:: Brief ::
Please repeat, exactly as written, every line from the one containing "Clooney - Bruce" through the last line of the records, both included, and leave out any pictures.

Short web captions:
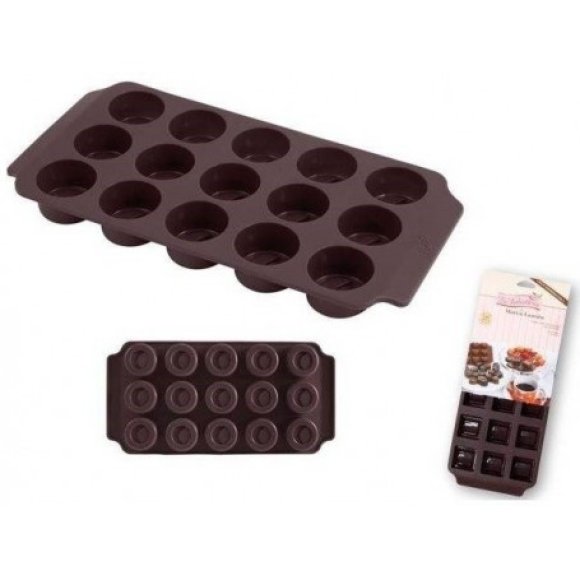 GP&ME - STAMPO CIOCCOLATINI TONDI - 15 POSTI
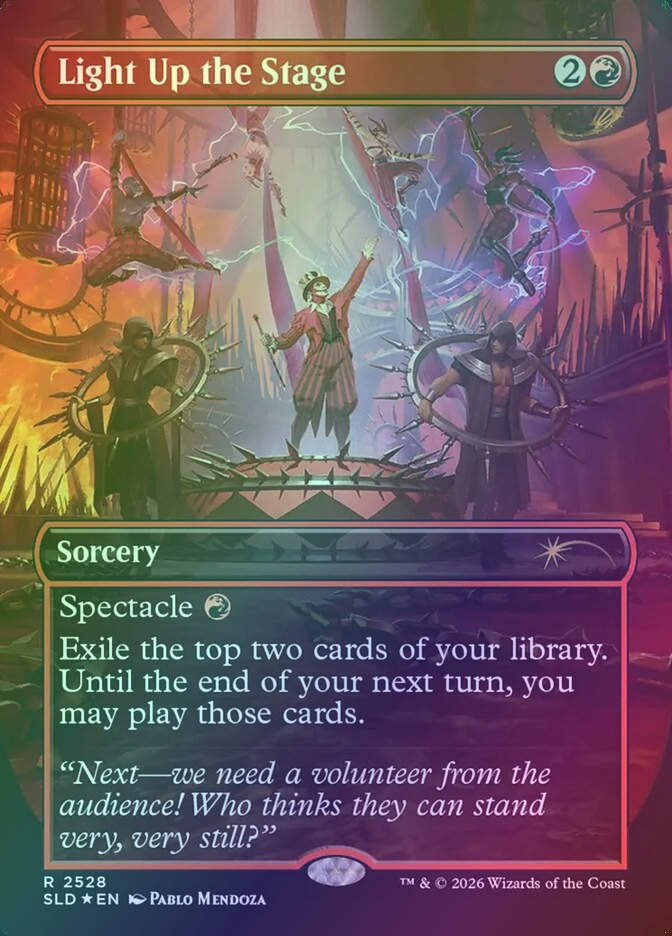 Light Up the Stage (SLD) (2528) / Borderless / Foil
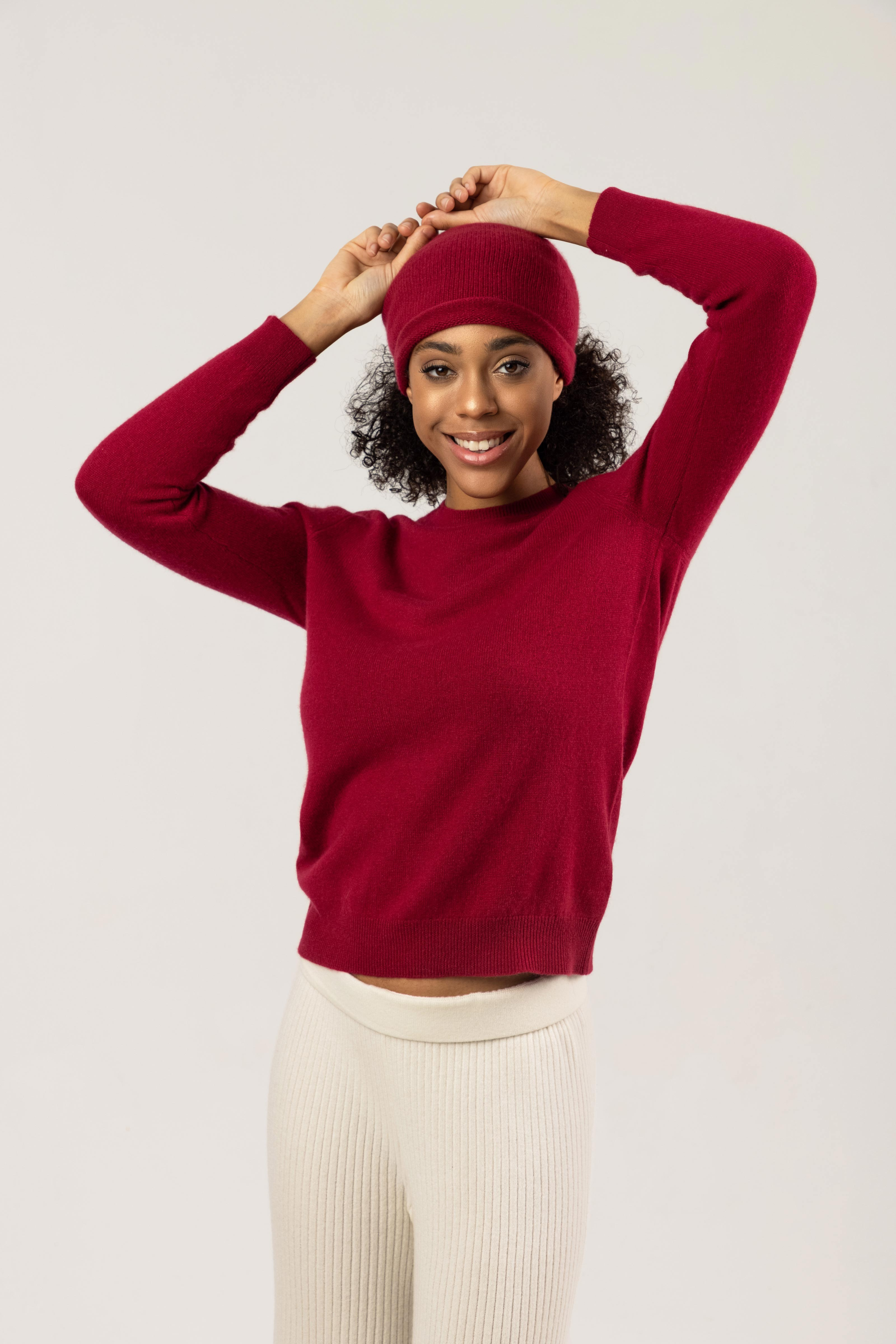 $79 Hat & Sweater | Gobi Cashmere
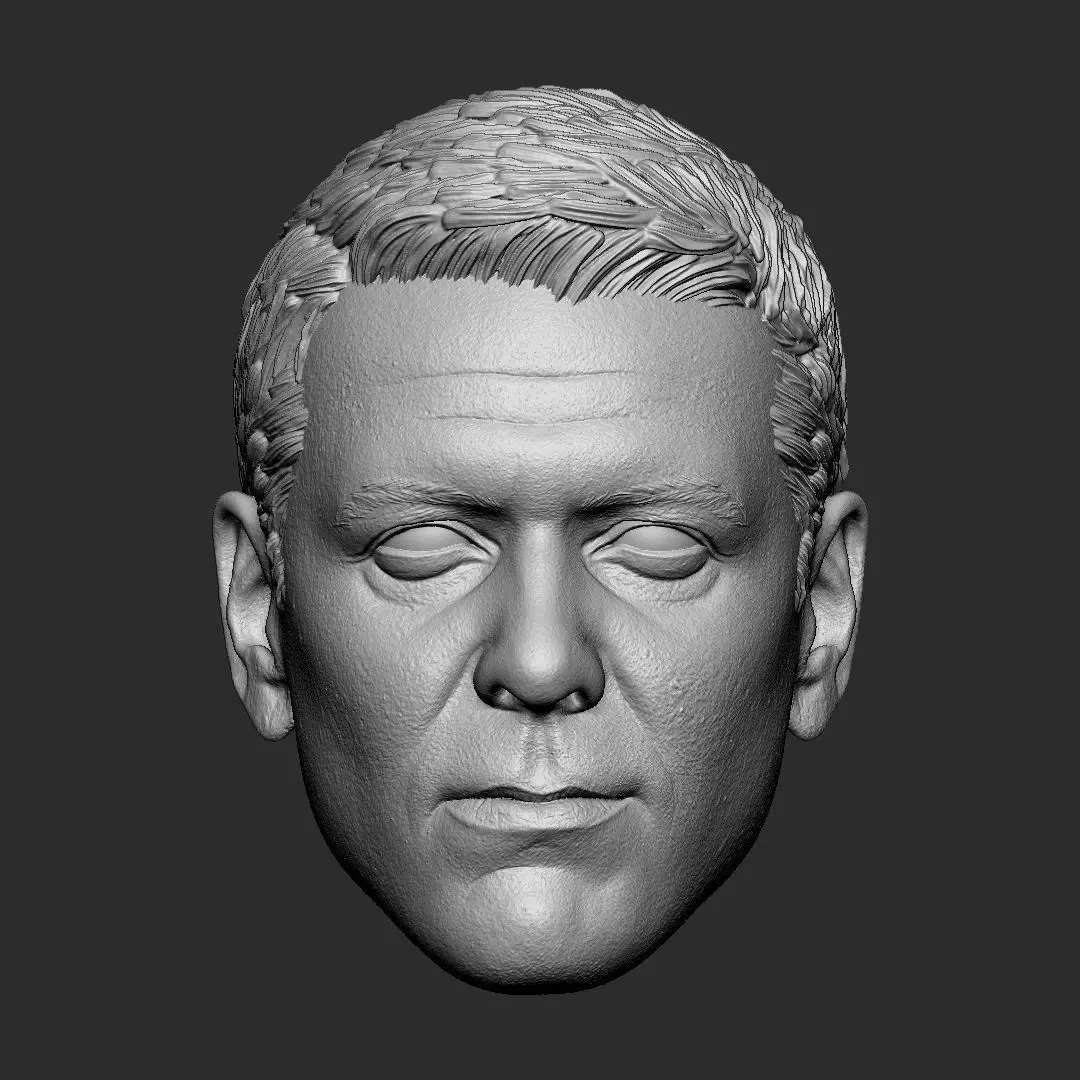 Clooney - Bruce Wayne - Batman head 3D print model_0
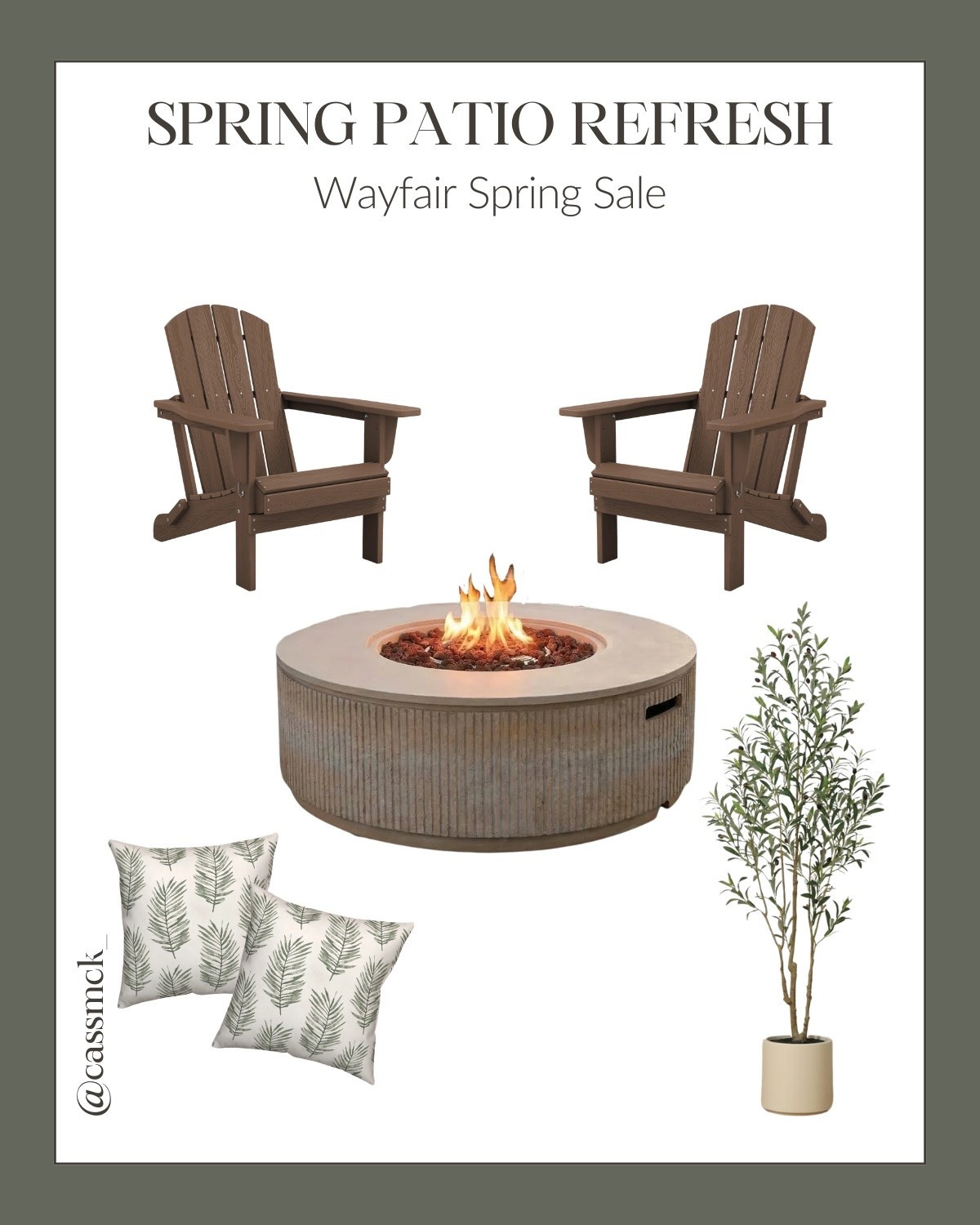 #ad Love these @wayfair finds for an outdoor refresh to enjoy patio season!! #outdoor #wayfair #wayfairpartner #wishyouwerehere 

#LTKHome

:: Answer box ::
 Clooney - Bruce Wayne - Batman head 3D print model_0
 #ad Love these @wayfair finds for an outdoor refresh to enjoy patio season!! #outdoor #wayfair #wayfairpartner #wishyouwerehere 

#LTKHome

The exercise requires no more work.